S No | Parameter | Jeweller | Bank | Gold ETF |
1 | How Gold is held | Physical (Bars / Coins) | Physical (Bars / Coins) | Dematerialized (Electronic Form) |
2 | Pricing | Differs from one to another. Neither transparent nor standard. | Differs from bank to bank. Not Standard. | Linked to International Gold Prices and very transparent. |
3 | Buying Premium above gold price | Likely to be more | Likely to be more | Likely to be less |
4 | Making Charges | Charges are incurred | Charges are incurred | No Charges are incurred |
5 | Impurity Risk | High | Nil | Nil |
6 | Storage Requirement | Locker / Safe | Locker / Safe | Demat Account |
7 | Security of Asset | Investor is responsible | Investor is responsible | Fund House takes the responsibility |
8 | Resale | Conditional and uneconomical | Banks do not buy back | At Secondary Market Prices |
9 | Convenience in Buying / Selling | Less convenient, as Gold needs to be moved physically | Less convenient, as Gold needs to be moved physically | More Convenient, as held in electronic form under the demat account |
10 | Quantity to Buy / Sell | Available in standard denomination | Available in standard denomination | Minimum is ½ or 1 gram according to the fund |
11 | Bid Ask Spread | Very High | Can't Sell Back | Very Low |
12 | Risk of Theft | Yes, possible | Yes, possible | No, Not possible |
13 | Wealth Tax | Yes | Yes | No |
14 | Long Term Capital Gains Tax | Only after 3 years | Only after 3 years | After 1 year |
The Flip Side: At the time of designing scheme for Mutual Funds or Security Investments an objective is decided. But due to volatile markets and financial uncertanities no assurance of achieveng the objective is given. Same is the case with Gold ETF. The unit value of the Gold ETF depends on the spot value of the Gold and hence the value of the Gold ETF may go up or down depending on the Bullion market, the Money market and the availability of the yellow metal. The past performance of the fund house which floats the scheme for the Gold ETF has no co relation with the future of the scheme floated. No fund house can predict the future of the scheme or the performance of the Gold ETF as its a game of the global market conditions. Hence no fund house can assure return on any scheme to the investor.
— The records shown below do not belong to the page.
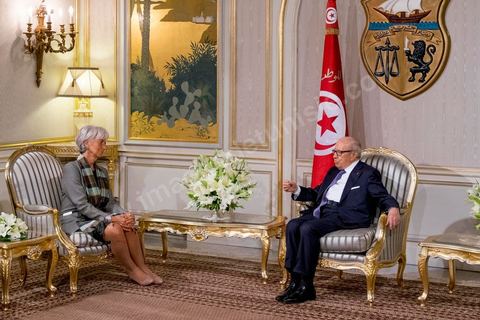 8 septembre 2015 : Rencontre entre Christine Lagarde et Béji Caïd Essebsi, président de la République. Visite de deux jours à Tunis de Christine Lagarde, directrice générale du Fonds monétaire international (FMI). Dans le cadre de sa seconde visite officielle en Tunisie, son dernier déplacement dans le pays remontait à 2012, elle s'est entretenue avec le président Beji Caïd Essebsi, le gouverneur de la Banque centrale Chedly Ayari, et le chef du gouvernement Habib Essid. Ses mots d'ordre : la confiance et les réformes dans un contexte difficile. Dasn cette emploi du temps chargé elle a souhaité visiter la medina de Tunis pour réaffirmer l'importance et la richesse du tourisme et une viiste au musée du Bardo pour déposer une gerbe en hommage aux victimes de l'attentat du 18 mars. 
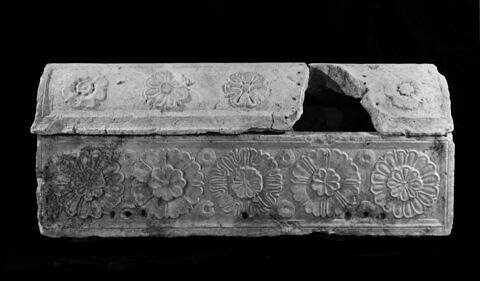 sarcophage, image 7/8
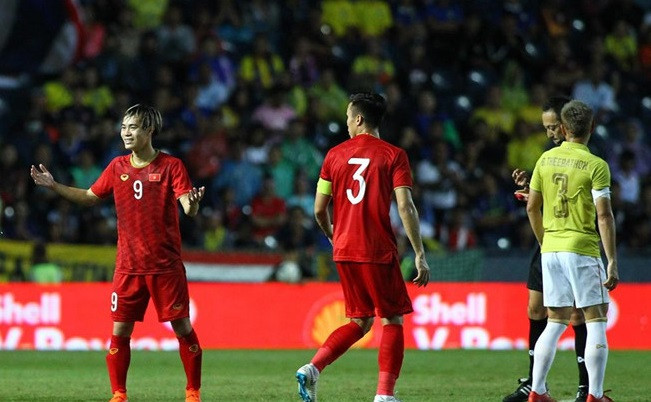 Một số cầu thủ như Văn Toàn, Quế Ngọc Hải, Bùi Tiến Dũng đã phản ứng lại hành động này. Sau đó, Văn Toàn và hậu vệ Theerathon Bunmathan đều bị trọng tài phạt thẻ vàng. Ảnh: Quang Thịnh.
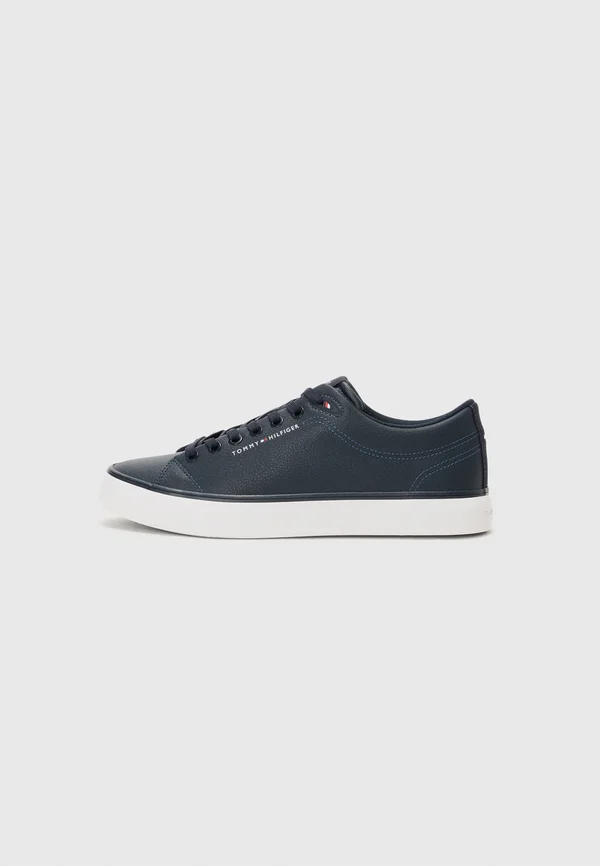 TH HI VULC CORE - Trainers - desert sky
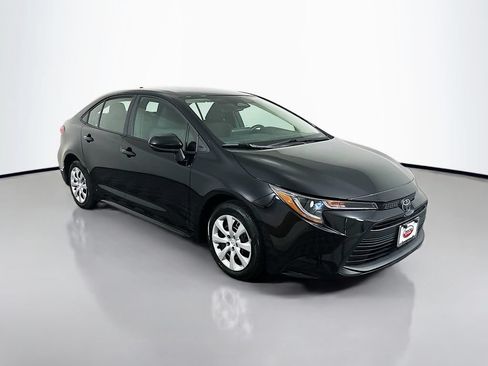 Certified 2025 Toyota Corolla LE FWD image 3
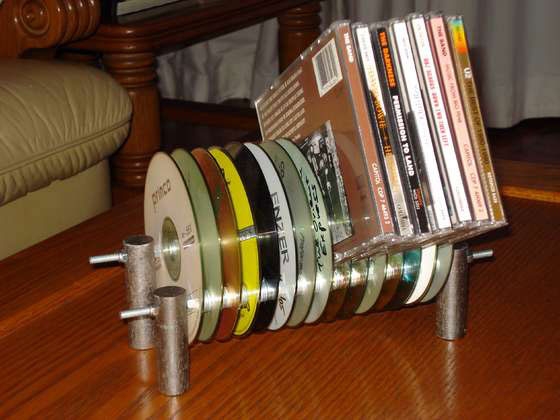 9 DIY Super Exciting Ideas to Recycle Old CDs and DVDs ...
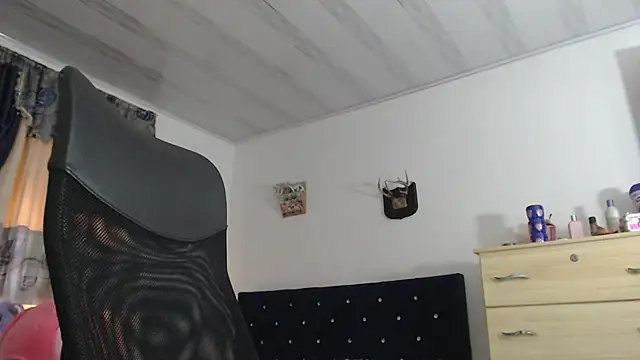 sweet cutetras22 online show from January 24, 3:24 pm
Investments in Gold ETF being relatively new to Indian markets there may be a lack of data and even the investors and consultants may not be aware of the proper schemes and proper time of investing. Again due to fluctuating market conditions there is a chance the investors may suffer a short term loss as the NAV of the Gold ETF may drop temporarily. This may cause panic and the investors may loose faith in this instrument and the scheme may fail to make profits due to backing off of the investors. There is also a probability of certain rumors in the market which may at times make the investors panic. To put it in one line, there is no assurance to the investor of getting the value of his ETF at the end of the period which was anticipated when he invested in the scheme.
Gold ETF and India: Though ETF is a relatively new concept, many investors in India are showing keen interest. The different types of Gold ETFs are:
- Gold ETFs that Own Physical Gold
- Gold ETFs that Own Gold Mining Stocks
- Gold ETFs that own Future Contracts
- ETF Double Gold
- Gold Short ETFs
- Kotak Gold ETF (KOTAKGOLD): This is Kotak's Gold ETF that tracks the price of Gold in India. The ticker is for NSE.
- UTI Gold ETF (GOLDSHARE): This is UTIs ETF that tracks the price of gold in India. The symbol is GOLDSHARE and is for NSE
- Reliance Gold ETF (RELGOLD): This is the Reliance Gold ETF that tracks the price of gold in India and the symbol RELGOLD is for NSE.